第2話『義妹からの呼ばれ方』
それからはアイスティーやスイーツを楽しんだり、学校生活のことを中心に談笑したりして、6人で楽しく過ごしていく。
6人の中では陽葵ちゃんだけが年下だけど、みんなとの会話に楽しく参加している。今日初めて会った西山ともさっそく仲良くなっているし。さすがは明るくて、元気な性格の陽葵ちゃんだなと思う。

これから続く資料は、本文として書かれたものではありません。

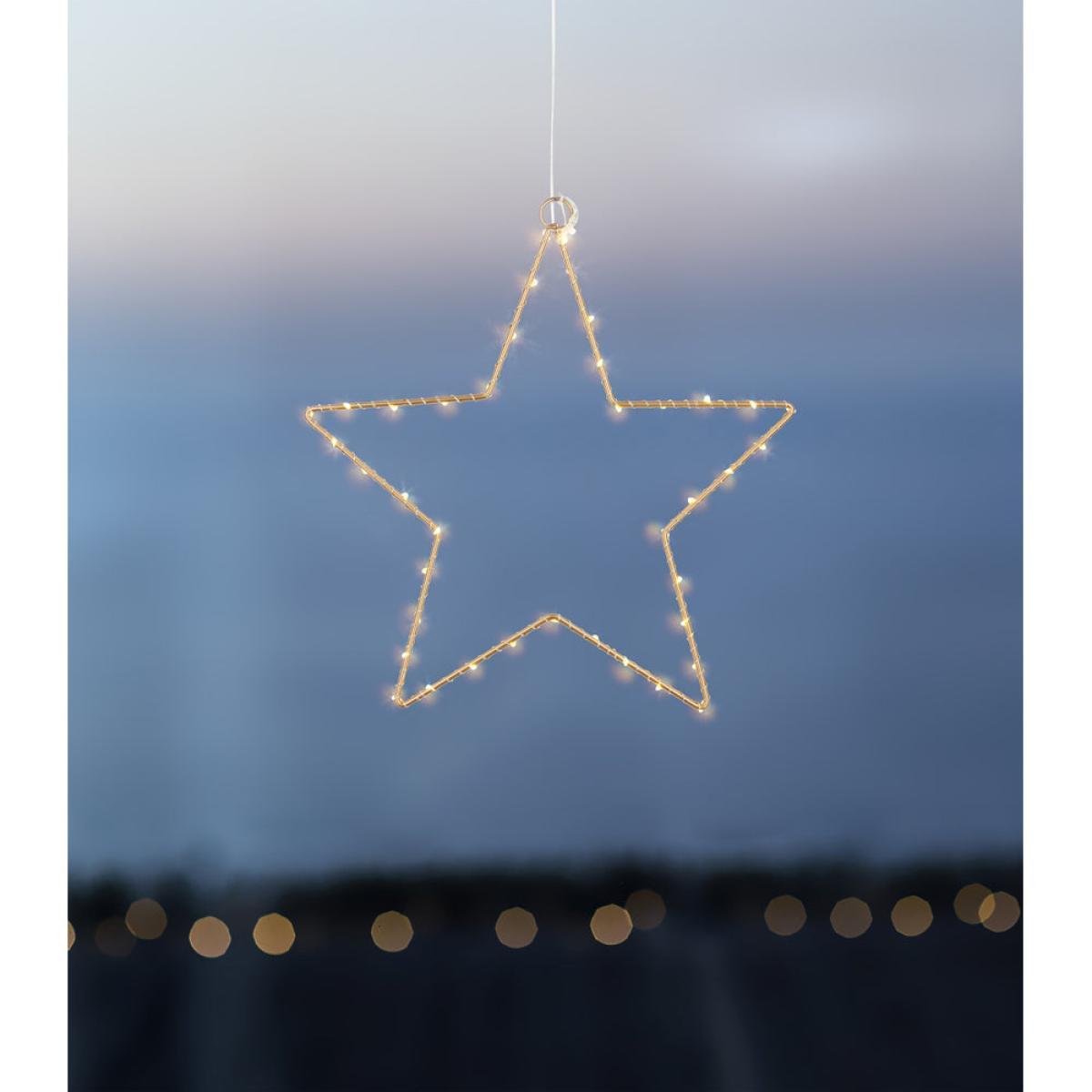 Liva Star Gold / Medium – image 5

また、6人全員が観ている現在放送中のラブコメアニメの最新話を観た。いつも優奈と2人で話しながら観るのもあり、6人でワイワイと喋りながら観るのも結構楽しかった。
「最新話も面白かったぜ!」
「面白かったよな、西山」
「今回は主人公の妹が活躍していたわね。良かったわ」
「そうだね、萌音。妹メイン回を陽葵ちゃんと一緒に観られたのが良かったよ」
「そうですか。嬉しい気持ちになりますね! あたし、あの子が一番好きですから。あと、義理ですが、今はあのこのように和真さんというお兄さんもいますし」
「ふふっ。陽葵のように可愛いキャラですから、私も結構好きですよ。なので、今週のエピソードはとても楽しかったです」
今観た最新話は、主人公である兄のことが大好きな妹と一緒に遊んだり、兄に甘えたりするエピソードだった。優奈の実妹であり、俺の義妹でもある陽葵ちゃんも一緒だったのもあってか、優奈達もとても楽しく観られたようだ。

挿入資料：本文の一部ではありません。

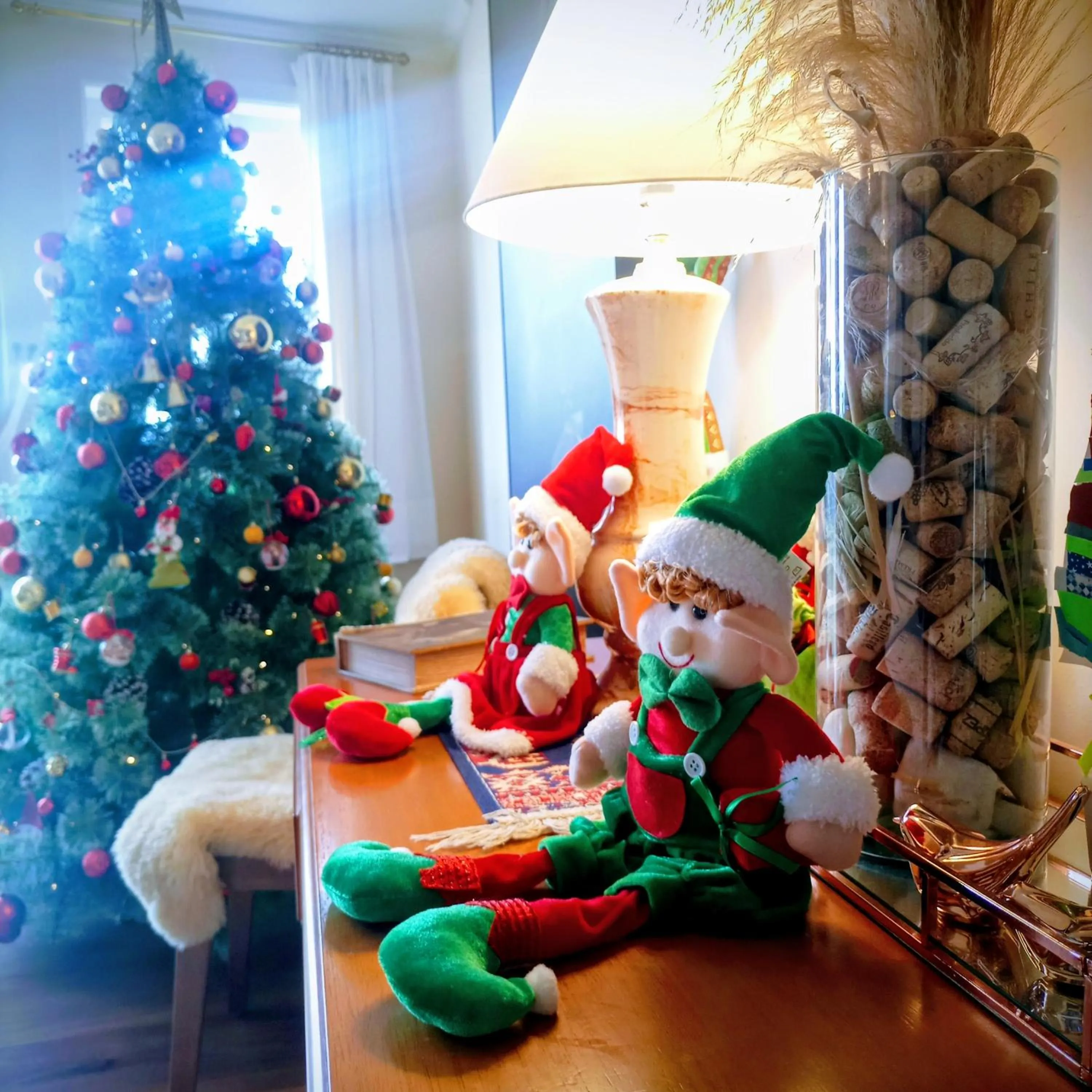 Pousada Confraria da Terra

「俺も楽しかったよ。あと、優奈と結婚して、陽葵ちゃんっていう義理の妹ができたから、アニメやラノベとかで妹キャラが出てくると、前よりもいいなって思うようになったな」
「ふふっ、そうですか。あたしも和真さんっていう義理のお兄さんができたので、アニメとかのお兄さんキャラが気に入るようになりました」
「私も真央さんという義理のお姉さんができたので、以前よりもお姉さんキャラが好きになりましたね」
「そうなんだ」
優奈と陽葵ちゃんも同じような変化があって嬉しいな。
真央姉さんにとっては優奈と陽葵ちゃんっていう義理の妹ができたけど、創作物に登場する妹キャラが以前よりも好きになったのだろうか。ちなみに、姉さんは俺がいる影響か弟キャラが大好きである。特にそのキャラに姉がいると。

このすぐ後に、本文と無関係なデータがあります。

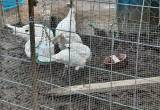 turkeys and ducks and laying hens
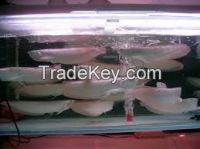 Silver Arowana Fish For Sale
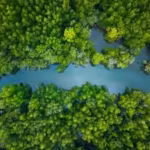 china-lost-more-than-50-of-its-mangrove-forests-by-the-2000s-now-it-has-restored-22500-hectares-of-t.avif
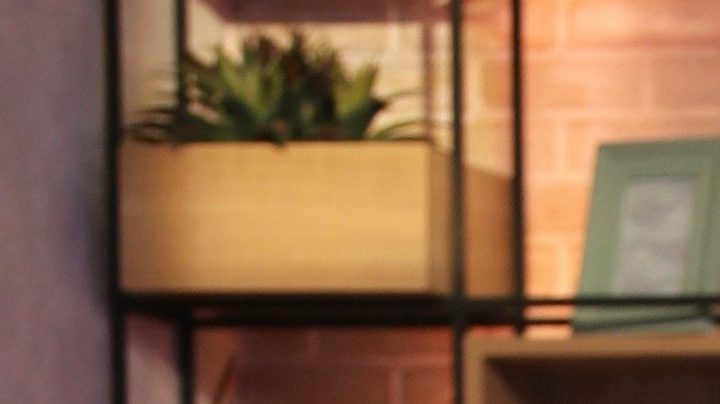 Rashel Díaz se va de Miami ¿Cuál es la razón?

「そういえば……陽葵ちゃん。アニメを観て思ったんだけど、陽葵ちゃんは長瀬君のことを『和真さん』って呼んでいるわよね」
「そうですね、萌音さん」
「アニメのキャラのように、お兄ちゃんとかって呼んだことはあるのかしら?」
「いいえ、ないですね。確かなかったですよね、和真さん」
「そうだな」
出会ったときから、陽葵ちゃんは俺の呼び方を『和真さん』で通している。お兄ちゃんといった兄を連想する言葉で呼ばれたことは一度もない。
ちなみに、今観たアニメに登場した主人公の妹は、主人公のことを『お兄ちゃん』と呼ぶ。主人公を呼ぶシーンが何度もあったから、井上さんは陽葵ちゃんの俺への呼び方について気になったのかも。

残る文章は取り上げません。